Module bytewax.dataflow

How to define dataflows.

Create a Dataflow instance, then use the methods on it to add computational steps.

Expand source code
"""How to define dataflows.

Create a `Dataflow` instance, then use the methods on it to add
computational steps.

"""

from .bytewax import Dataflow  # noqa: F401

__all__ = [
    "Dataflow",
]

Classes

class Dataflow

A definition of a Bytewax dataflow graph.

Use the methods defined on this class to add steps with operators of the same name.

Instance variables

var steps

Return an attribute of instance, which is of type owner.

Methods

def collect_window(self, /, step_id, clock_config, window_config)

Collect window lets emits all items for a key in a window downstream in sorted order.

It is a stateful operator. It requires the upstream items are (key: str, value) tuples so we can ensure that all relevant values are routed to the relevant state. It also requires a step ID to recover the correct state.

It emits (key, list) tuples downstream at the end of each window where list is sorted by the time assigned by the clock.

Currently, data is permanently allocated per-key. If you have an ever-growing key space, note this.

Args

step_id : str
Uniquely identifies this step for recovery.
clock_config : ClockConfig
Clock config to use. See bytewax.window.
window_config : WindowConfig
Windower config to use.

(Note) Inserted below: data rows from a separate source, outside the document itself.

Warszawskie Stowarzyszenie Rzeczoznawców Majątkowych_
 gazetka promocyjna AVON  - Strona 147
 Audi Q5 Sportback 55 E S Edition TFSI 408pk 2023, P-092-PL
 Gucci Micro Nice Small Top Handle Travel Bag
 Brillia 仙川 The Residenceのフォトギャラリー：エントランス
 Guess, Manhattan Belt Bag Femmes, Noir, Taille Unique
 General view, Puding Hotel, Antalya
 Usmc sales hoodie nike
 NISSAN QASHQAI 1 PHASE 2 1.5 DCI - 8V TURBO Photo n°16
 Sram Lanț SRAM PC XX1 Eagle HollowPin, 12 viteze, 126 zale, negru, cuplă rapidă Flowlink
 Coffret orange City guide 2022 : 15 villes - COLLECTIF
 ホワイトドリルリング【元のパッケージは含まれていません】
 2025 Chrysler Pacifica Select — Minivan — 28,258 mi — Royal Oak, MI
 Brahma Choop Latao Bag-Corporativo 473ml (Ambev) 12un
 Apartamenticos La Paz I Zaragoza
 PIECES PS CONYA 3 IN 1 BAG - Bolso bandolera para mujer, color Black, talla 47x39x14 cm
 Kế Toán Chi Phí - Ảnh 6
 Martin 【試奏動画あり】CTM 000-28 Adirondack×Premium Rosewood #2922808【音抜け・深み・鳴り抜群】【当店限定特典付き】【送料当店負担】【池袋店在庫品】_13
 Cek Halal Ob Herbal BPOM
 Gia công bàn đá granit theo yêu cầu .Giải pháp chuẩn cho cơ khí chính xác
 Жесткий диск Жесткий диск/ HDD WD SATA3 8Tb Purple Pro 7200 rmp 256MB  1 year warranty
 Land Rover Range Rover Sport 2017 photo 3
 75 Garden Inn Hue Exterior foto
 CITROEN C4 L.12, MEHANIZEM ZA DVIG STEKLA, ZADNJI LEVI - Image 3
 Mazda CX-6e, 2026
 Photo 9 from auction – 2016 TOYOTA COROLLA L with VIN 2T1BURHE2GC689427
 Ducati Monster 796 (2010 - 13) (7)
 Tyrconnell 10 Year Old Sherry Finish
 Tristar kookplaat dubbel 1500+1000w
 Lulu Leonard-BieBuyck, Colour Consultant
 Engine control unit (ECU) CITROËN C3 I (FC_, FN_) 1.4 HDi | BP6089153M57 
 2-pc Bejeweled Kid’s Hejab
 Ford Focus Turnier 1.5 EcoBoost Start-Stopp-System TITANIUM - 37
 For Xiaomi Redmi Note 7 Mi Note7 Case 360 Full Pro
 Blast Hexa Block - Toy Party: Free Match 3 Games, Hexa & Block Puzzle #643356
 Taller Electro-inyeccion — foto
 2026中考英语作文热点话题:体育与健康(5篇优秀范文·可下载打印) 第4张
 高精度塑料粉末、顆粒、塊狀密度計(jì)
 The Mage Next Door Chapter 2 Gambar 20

See bytewax.window.
def filter(self, /, predicate)

Filter selectively keeps only some items.

It calls a predicate function on each item.

It emits the item downstream unmodified if the predicate returns True.

It is commonly used for:

  • Selecting relevant events
  • Removing empty events
  • Removing sentinels
  • Removing stop words
>>> from bytewax.testing import TestingInput
>>> from bytewax.connectors.stdio import StdOutput
>>> from bytewax.testing import run_main
>>> from bytewax.dataflow import Dataflow
>>>
>>> flow = Dataflow()
>>> flow.input("inp", TestingInput(range(4)))
>>> def is_odd(item):
...     return item % 2 != 0
>>> flow.filter(is_odd)
>>> flow.output("out", StdOutput())
>>> run_main(flow)
1
3

Args

predicate
predicate(item: Any) => should_emit: bool
def filter_map(self, /, mapper)

Filter map acts as a normal map function, but if the mapper returns None, the item is filtered out.

>>> flow = Dataflow()
>>> def validate(data):
...     if type(data) != dict or "key" not in data:
...         return None
...     else:
...         return data["key"], data
...
>>> flow.filter_map(validate)
def flat_map(self, /, mapper)

Flat map is a one-to-many transformation of items.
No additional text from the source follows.